TASK REQUIREMENTS
Skip every picture and copy only the lines from the one containing "Man holding painting next to artist cutout." to the final line of the records below.
───── DATA SUPPLIED ─────
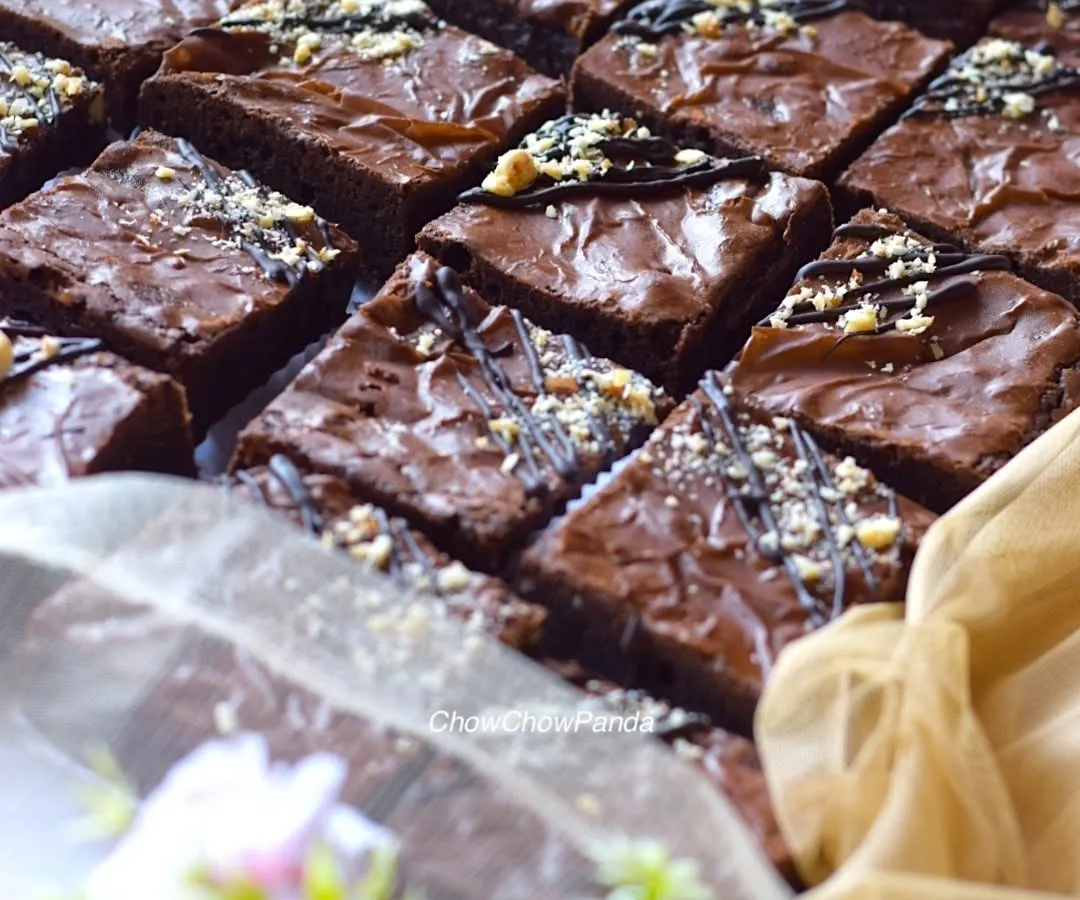 A batch of my classic fudgy brownies, ready to be packed. These are rich and sturdy, which is why they are a popular choice for sending as gifts, even to other cities.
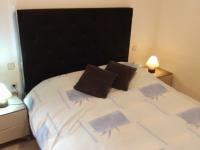 A bed or beds in a room at Apartamento Marina Nacional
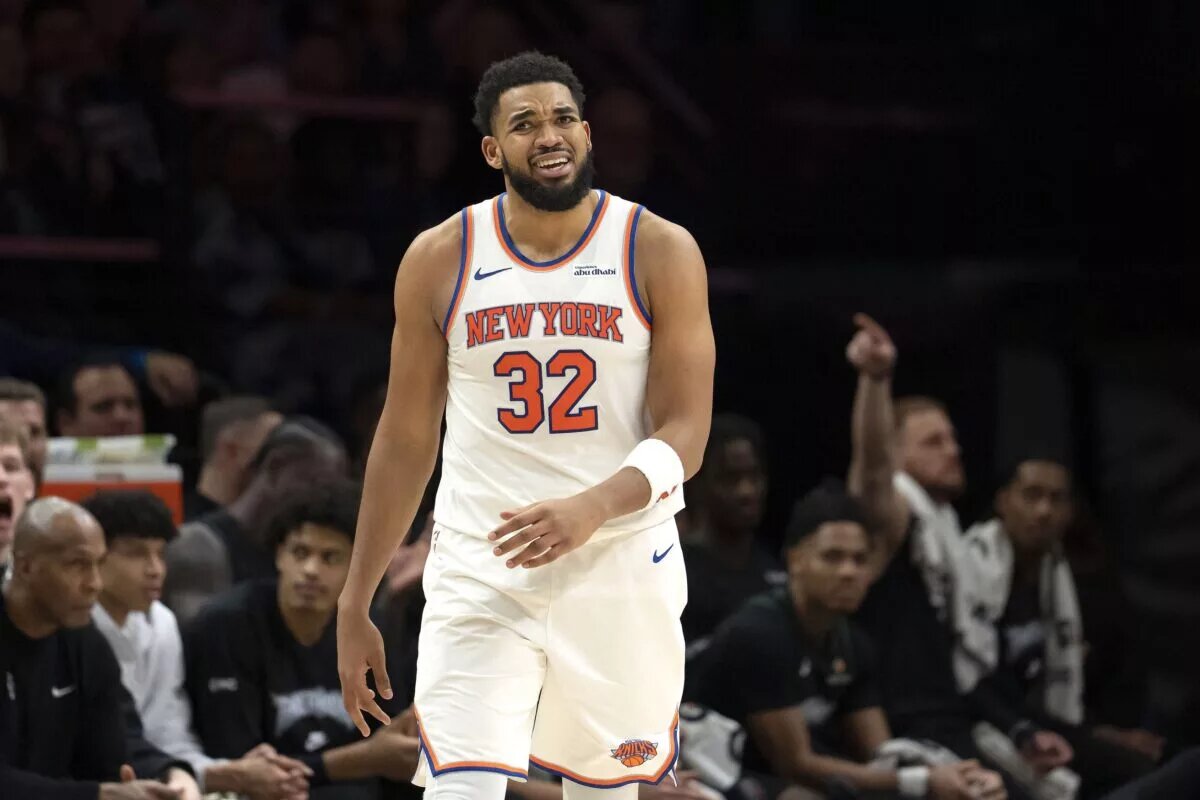 Dec 23, 2025; Minneapolis, Minnesota, USA; New York Knicks center Karl-Anthony Towns (32) lreacts after a foul is called against the Minnesota Timberwolves in the second half at Target Center. Mandatory Credit: Jesse Johnson-Imagn Images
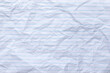 © lllonajalll - Top view empty rumpled lined paper with wrinkled. Notebook lined paper background and texture.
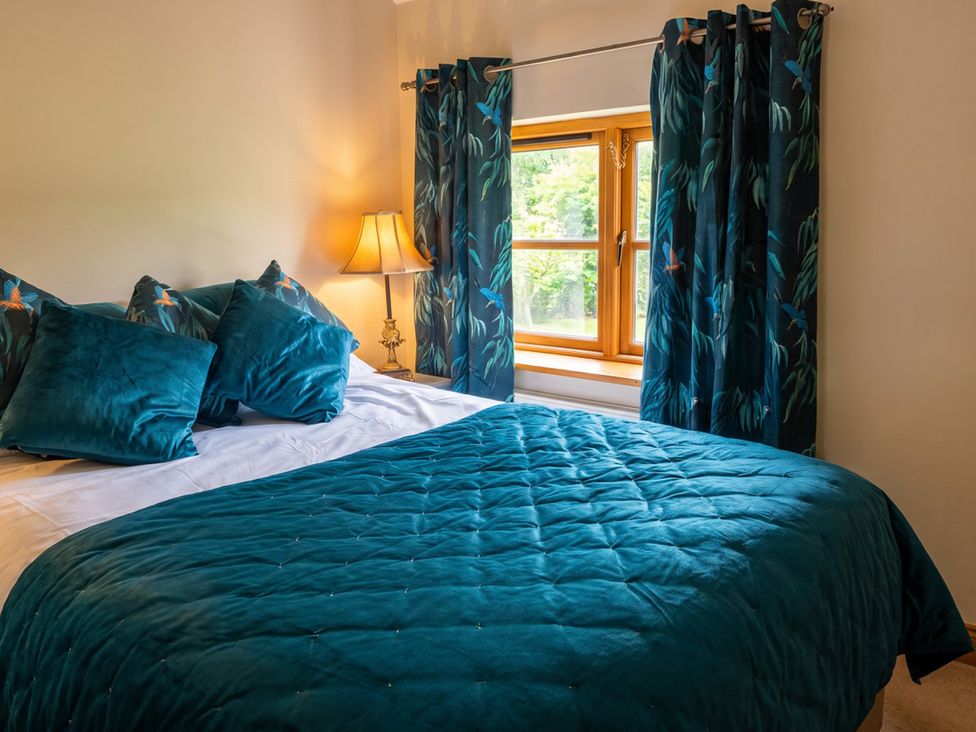 A bedroom with a bed and window at an unspecified location
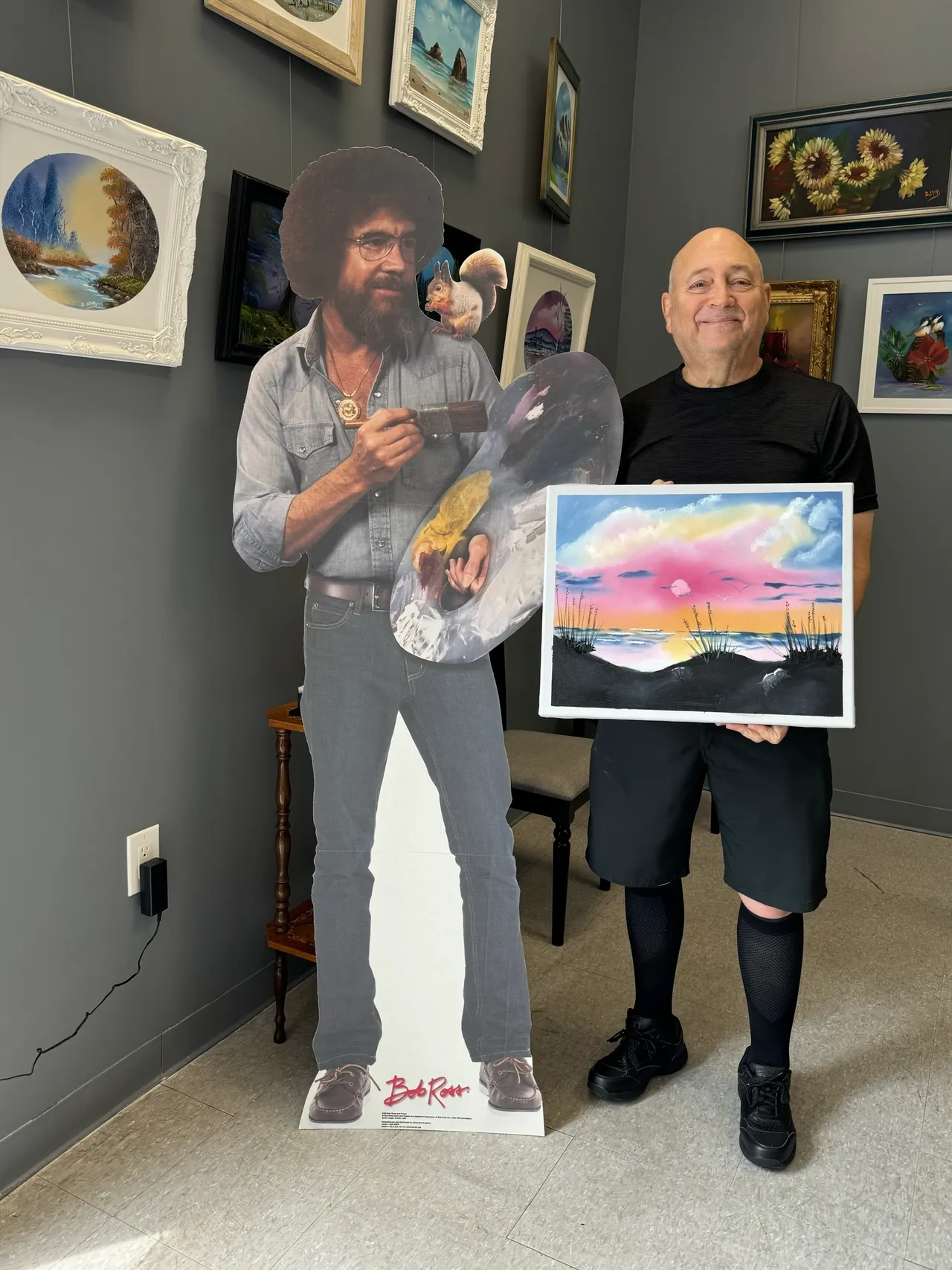 Man holding painting next to artist cutout.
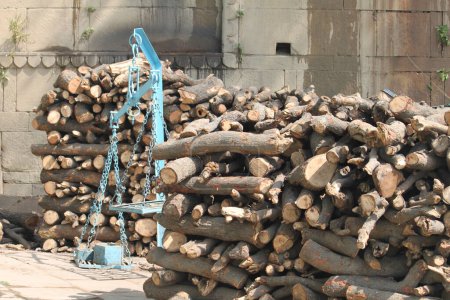 Stacks of firewood prepared for cremation ceromonies near Marnikarnika Ghat in Varanasi, one of the holiest grounds among the riverfronts on river Ganges. An old blue scale stands midst all the logs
─────
PROBLEM SOLUTION
 Man holding painting next to artist cutout.
 Stacks of firewood prepared for cremation ceromonies near Marnikarnika Ghat in Varanasi, one of the holiest grounds among the riverfronts on river Ganges. An old blue scale stands midst all the logs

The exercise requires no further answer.